誰が連名署名したかは重要なことであったのでしょう。
以下何名とは記さずに全員の名を記録しています。
総勢28名です。
「名栗の歴史 上」を読むと、村民たちの生活全般・宗教・職業・婚姻・争いごとなどほぼすべてが名主たちにより、掌握管理されていたことに驚かされます。また五人組などの村民同士でお互いを管理することもしていたわけですから、その徹底ぶりは現在の比ではなかったはずです。
このような日常生活をしていれば、見知らぬ者が村でちょっと大げさな振る舞いをしただけで、そのうわさは、あっという間に広がってしまいます。
ここまでこの覚記を読んできて、名主さんたちは特別後手に回ることもなく、それなりの対応をしてきているようにおもいます。多勢に無勢であったことが初期の騒動を抑えきれなかった原因だろうとも感じます。
名主さんたちはとにかく対応に大わらわだったわけですが、騒動の途中からはまたは最初の時点で、誰が首謀者だったのかは明らかにわかってしまっていたこととおもいます。
武家社会ならば不始末があればお家断絶や藩召し上げお取り潰しなど関係者の処分は免れません。
村役人たちが連帯責任でなんらかの咎を恐れることは当然でした。
頭の中にはどうにかして丸く治めることしかなかったはずです。
そのためなら何でもする。

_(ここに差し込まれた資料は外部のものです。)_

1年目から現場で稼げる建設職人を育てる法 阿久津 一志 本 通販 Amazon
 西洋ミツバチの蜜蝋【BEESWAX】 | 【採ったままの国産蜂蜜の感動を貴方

何でもしたはずです。
あまりに詳しい真実の記録を残すことは結局自分たちや村の首を絞めることになります。
かといって、村の出来事を記録することそのことそのものが村役人たちの使命でもあったのですから、大変に悩ましい問題だったことでしょう。
そんな事情の中で記録されたのがこの覚記だったということがわかりはじめました。
切羽詰まった村役人たちの右往左往する姿が、ドキュメント番組を見ている以上の臨場感をともない行間から当時の空気があふれだしています。